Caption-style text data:

══════════

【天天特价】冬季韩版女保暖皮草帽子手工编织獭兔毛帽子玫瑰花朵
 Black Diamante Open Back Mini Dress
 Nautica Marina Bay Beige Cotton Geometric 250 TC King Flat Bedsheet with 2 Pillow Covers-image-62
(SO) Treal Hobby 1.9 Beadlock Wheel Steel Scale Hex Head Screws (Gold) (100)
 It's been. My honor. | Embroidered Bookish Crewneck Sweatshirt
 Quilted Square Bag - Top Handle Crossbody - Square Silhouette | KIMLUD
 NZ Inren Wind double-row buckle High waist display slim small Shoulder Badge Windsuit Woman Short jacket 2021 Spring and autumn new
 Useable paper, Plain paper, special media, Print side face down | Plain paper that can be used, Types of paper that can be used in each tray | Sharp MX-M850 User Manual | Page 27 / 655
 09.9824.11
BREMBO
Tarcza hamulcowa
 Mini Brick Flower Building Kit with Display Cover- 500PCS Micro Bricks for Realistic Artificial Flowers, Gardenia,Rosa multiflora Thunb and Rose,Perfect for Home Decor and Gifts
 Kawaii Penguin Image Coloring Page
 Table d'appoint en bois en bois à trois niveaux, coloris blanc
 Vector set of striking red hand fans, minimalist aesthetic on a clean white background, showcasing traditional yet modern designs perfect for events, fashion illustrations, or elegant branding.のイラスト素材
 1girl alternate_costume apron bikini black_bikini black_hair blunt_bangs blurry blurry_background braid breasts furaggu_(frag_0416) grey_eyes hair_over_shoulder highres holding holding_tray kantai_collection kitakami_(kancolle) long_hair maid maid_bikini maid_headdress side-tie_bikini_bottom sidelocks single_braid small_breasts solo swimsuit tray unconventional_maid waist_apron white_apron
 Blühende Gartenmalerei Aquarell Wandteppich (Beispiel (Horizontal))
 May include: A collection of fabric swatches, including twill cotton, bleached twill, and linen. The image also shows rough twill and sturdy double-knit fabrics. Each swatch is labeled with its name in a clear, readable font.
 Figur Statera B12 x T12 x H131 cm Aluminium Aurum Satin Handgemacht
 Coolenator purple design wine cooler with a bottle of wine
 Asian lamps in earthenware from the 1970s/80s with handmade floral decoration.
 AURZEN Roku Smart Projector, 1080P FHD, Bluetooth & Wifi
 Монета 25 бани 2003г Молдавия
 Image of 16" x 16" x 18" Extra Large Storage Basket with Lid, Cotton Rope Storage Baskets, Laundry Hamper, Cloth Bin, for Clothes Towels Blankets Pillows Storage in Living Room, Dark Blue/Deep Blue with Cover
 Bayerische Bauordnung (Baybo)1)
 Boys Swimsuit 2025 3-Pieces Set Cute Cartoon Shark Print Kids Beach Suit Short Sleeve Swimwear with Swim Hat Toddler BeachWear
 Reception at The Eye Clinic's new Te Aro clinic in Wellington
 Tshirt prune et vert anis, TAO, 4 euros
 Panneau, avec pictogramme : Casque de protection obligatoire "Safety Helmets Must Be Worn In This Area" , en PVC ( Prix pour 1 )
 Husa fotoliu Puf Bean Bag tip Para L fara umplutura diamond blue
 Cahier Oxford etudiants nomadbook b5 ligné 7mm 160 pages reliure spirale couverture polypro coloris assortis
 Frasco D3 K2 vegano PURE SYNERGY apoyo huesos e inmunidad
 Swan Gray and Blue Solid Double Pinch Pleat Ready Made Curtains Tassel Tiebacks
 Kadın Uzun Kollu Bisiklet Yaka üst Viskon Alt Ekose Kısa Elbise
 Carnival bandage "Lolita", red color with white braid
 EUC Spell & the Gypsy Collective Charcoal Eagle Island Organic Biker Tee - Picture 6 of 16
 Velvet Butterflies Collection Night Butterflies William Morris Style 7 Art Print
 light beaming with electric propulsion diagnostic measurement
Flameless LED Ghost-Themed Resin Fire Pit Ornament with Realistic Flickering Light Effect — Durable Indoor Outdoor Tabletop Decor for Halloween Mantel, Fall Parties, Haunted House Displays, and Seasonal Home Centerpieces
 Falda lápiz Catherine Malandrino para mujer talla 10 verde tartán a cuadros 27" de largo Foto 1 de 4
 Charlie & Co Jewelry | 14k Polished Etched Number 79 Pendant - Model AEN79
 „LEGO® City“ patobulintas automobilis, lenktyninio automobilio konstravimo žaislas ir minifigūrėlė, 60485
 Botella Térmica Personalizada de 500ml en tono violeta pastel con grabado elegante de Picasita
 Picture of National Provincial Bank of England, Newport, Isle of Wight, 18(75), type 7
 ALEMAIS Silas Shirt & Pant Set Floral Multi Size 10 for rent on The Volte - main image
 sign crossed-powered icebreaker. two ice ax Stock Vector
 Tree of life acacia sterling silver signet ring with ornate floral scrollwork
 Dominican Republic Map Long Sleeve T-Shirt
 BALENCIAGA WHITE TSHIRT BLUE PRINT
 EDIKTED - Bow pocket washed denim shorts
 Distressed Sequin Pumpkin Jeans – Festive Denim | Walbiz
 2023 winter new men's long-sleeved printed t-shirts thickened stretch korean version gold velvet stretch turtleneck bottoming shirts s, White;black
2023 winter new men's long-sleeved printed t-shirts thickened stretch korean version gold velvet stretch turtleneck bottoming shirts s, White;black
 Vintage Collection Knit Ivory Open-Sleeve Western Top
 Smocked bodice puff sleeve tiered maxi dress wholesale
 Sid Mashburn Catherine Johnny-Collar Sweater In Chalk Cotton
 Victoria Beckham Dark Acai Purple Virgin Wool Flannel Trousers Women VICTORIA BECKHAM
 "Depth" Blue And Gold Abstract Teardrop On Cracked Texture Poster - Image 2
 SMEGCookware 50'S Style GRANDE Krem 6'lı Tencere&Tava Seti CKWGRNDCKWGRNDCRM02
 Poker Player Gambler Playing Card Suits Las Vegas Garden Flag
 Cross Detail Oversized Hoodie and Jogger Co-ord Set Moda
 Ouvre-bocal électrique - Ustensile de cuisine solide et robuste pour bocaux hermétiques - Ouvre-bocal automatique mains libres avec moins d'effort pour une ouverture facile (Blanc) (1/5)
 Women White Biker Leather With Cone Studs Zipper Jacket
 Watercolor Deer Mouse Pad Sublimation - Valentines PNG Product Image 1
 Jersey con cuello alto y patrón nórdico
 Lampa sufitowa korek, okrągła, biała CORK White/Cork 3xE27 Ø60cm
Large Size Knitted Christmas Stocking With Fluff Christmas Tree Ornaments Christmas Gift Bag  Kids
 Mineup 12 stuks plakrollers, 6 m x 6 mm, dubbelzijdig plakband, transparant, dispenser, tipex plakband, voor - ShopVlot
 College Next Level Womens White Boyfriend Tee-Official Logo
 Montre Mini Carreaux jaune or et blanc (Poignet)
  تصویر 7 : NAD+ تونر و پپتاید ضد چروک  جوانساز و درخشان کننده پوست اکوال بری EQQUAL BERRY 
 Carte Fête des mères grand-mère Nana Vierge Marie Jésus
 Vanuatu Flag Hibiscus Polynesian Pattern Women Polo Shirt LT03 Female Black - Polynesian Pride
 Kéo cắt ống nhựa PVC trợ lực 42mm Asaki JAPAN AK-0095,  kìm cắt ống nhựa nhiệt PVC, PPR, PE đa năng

══════════

Each entry above must be retyped exactly.

RESPONSE AREA -
【天天特价】冬季韩版女保暖皮草帽子手工编织獭兔毛帽子玫瑰花朵
 Black Diamante Open Back Mini Dress
 Nautica Marina Bay Beige Cotton Geometric 250 TC King Flat Bedsheet with 2 Pillow Covers-image-62
(SO) Treal Hobby 1.9 Beadlock Wheel Steel Scale Hex Head Screws (Gold) (100)
 It's been. My honor. | Embroidered Bookish Crewneck Sweatshirt
 Quilted Square Bag - Top Handle Crossbody - Square Silhouette | KIMLUD
 NZ Inren Wind double-row buckle High waist display slim small Shoulder Badge Windsuit Woman Short jacket 2021 Spring and autumn new
 Useable paper, Plain paper, special media, Print side face down | Plain paper that can be used, Types of paper that can be used in each tray | Sharp MX-M850 User Manual | Page 27 / 655
 09.9824.11
BREMBO
Tarcza hamulcowa
 Mini Brick Flower Building Kit with Display Cover- 500PCS Micro Bricks for Realistic Artificial Flowers, Gardenia,Rosa multiflora Thunb and Rose,Perfect for Home Decor and Gifts
 Kawaii Penguin Image Coloring Page
 Table d'appoint en bois en bois à trois niveaux, coloris blanc
 Vector set of striking red hand fans, minimalist aesthetic on a clean white background, showcasing traditional yet modern designs perfect for events, fashion illustrations, or elegant branding.のイラスト素材
 1girl alternate_costume apron bikini black_bikini black_hair blunt_bangs blurry blurry_background braid breasts furaggu_(frag_0416) grey_eyes hair_over_shoulder highres holding holding_tray kantai_collection kitakami_(kancolle) long_hair maid maid_bikini maid_headdress side-tie_bikini_bottom sidelocks single_braid small_breasts solo swimsuit tray unconventional_maid waist_apron white_apron
 Blühende Gartenmalerei Aquarell Wandteppich (Beispiel (Horizontal))
 May include: A collection of fabric swatches, including twill cotton, bleached twill, and linen. The image also shows rough twill and sturdy double-knit fabrics. Each swatch is labeled with its name in a clear, readable font.
 Figur Statera B12 x T12 x H131 cm Aluminium Aurum Satin Handgemacht
 Coolenator purple design wine cooler with a bottle of wine
 Asian lamps in earthenware from the 1970s/80s with handmade floral decoration.
 AURZEN Roku Smart Projector, 1080P FHD, Bluetooth & Wifi
 Монета 25 бани 2003г Молдавия
 Image of 16" x 16" x 18" Extra Large Storage Basket with Lid, Cotton Rope Storage Baskets, Laundry Hamper, Cloth Bin, for Clothes Towels Blankets Pillows Storage in Living Room, Dark Blue/Deep Blue with Cover
 Bayerische Bauordnung (Baybo)1)
 Boys Swimsuit 2025 3-Pieces Set Cute Cartoon Shark Print Kids Beach Suit Short Sleeve Swimwear with Swim Hat Toddler BeachWear
 Reception at The Eye Clinic's new Te Aro clinic in Wellington
 Tshirt prune et vert anis, TAO, 4 euros
 Panneau, avec pictogramme : Casque de protection obligatoire "Safety Helmets Must Be Worn In This Area" , en PVC ( Prix pour 1 )
 Husa fotoliu Puf Bean Bag tip Para L fara umplutura diamond blue
 Cahier Oxford etudiants nomadbook b5 ligné 7mm 160 pages reliure spirale couverture polypro coloris assortis
 Frasco D3 K2 vegano PURE SYNERGY apoyo huesos e inmunidad
 Swan Gray and Blue Solid Double Pinch Pleat Ready Made Curtains Tassel Tiebacks
 Kadın Uzun Kollu Bisiklet Yaka üst Viskon Alt Ekose Kısa Elbise
 Carnival bandage "Lolita", red color with white braid
 EUC Spell & the Gypsy Collective Charcoal Eagle Island Organic Biker Tee - Picture 6 of 16
 Velvet Butterflies Collection Night Butterflies William Morris Style 7 Art Print
 light beaming with electric propulsion diagnostic measurement
Flameless LED Ghost-Themed Resin Fire Pit Ornament with Realistic Flickering Light Effect — Durable Indoor Outdoor Tabletop Decor for Halloween Mantel, Fall Parties, Haunted House Displays, and Seasonal Home Centerpieces
 Falda lápiz Catherine Malandrino para mujer talla 10 verde tartán a cuadros 27" de largo Foto 1 de 4
 Charlie & Co Jewelry | 14k Polished Etched Number 79 Pendant - Model AEN79
 „LEGO® City“ patobulintas automobilis, lenktyninio automobilio konstravimo žaislas ir minifigūrėlė, 60485
 Botella Térmica Personalizada de 500ml en tono violeta pastel con grabado elegante de Picasita
 Picture of National Provincial Bank of England, Newport, Isle of Wight, 18(75), type 7
 ALEMAIS Silas Shirt & Pant Set Floral Multi Size 10 for rent on The Volte - main image
 sign crossed-powered icebreaker. two ice ax Stock Vector
 Tree of life acacia sterling silver signet ring with ornate floral scrollwork
 Dominican Republic Map Long Sleeve T-Shirt
 BALENCIAGA WHITE TSHIRT BLUE PRINT
 EDIKTED - Bow pocket washed denim shorts
 Distressed Sequin Pumpkin Jeans – Festive Denim | Walbiz
 2023 winter new men's long-sleeved printed t-shirts thickened stretch korean version gold velvet stretch turtleneck bottoming shirts s, White;black
2023 winter new men's long-sleeved printed t-shirts thickened stretch korean version gold velvet stretch turtleneck bottoming shirts s, White;black
 Vintage Collection Knit Ivory Open-Sleeve Western Top
 Smocked bodice puff sleeve tiered maxi dress wholesale
 Sid Mashburn Catherine Johnny-Collar Sweater In Chalk Cotton
 Victoria Beckham Dark Acai Purple Virgin Wool Flannel Trousers Women VICTORIA BECKHAM
 "Depth" Blue And Gold Abstract Teardrop On Cracked Texture Poster - Image 2
 SMEGCookware 50'S Style GRANDE Krem 6'lı Tencere&Tava Seti CKWGRNDCKWGRNDCRM02
 Poker Player Gambler Playing Card Suits Las Vegas Garden Flag
 Cross Detail Oversized Hoodie and Jogger Co-ord Set Moda
 Ouvre-bocal électrique - Ustensile de cuisine solide et robuste pour bocaux hermétiques - Ouvre-bocal automatique mains libres avec moins d'effort pour une ouverture facile (Blanc) (1/5)
 Women White Biker Leather With Cone Studs Zipper Jacket
 Watercolor Deer Mouse Pad Sublimation - Valentines PNG Product Image 1
 Jersey con cuello alto y patrón nórdico
 Lampa sufitowa korek, okrągła, biała CORK White/Cork 3xE27 Ø60cm
Large Size Knitted Christmas Stocking With Fluff Christmas Tree Ornaments Christmas Gift Bag  Kids
 Mineup 12 stuks plakrollers, 6 m x 6 mm, dubbelzijdig plakband, transparant, dispenser, tipex plakband, voor - ShopVlot
 College Next Level Womens White Boyfriend Tee-Official Logo
 Montre Mini Carreaux jaune or et blanc (Poignet)
  تصویر 7 : NAD+ تونر و پپتاید ضد چروک  جوانساز و درخشان کننده پوست اکوال بری EQQUAL BERRY 
 Carte Fête des mères grand-mère Nana Vierge Marie Jésus
 Vanuatu Flag Hibiscus Polynesian Pattern Women Polo Shirt LT03 Female Black - Polynesian Pride
 Kéo cắt ống nhựa PVC trợ lực 42mm Asaki JAPAN AK-0095,  kìm cắt ống nhựa nhiệt PVC, PPR, PE đa năng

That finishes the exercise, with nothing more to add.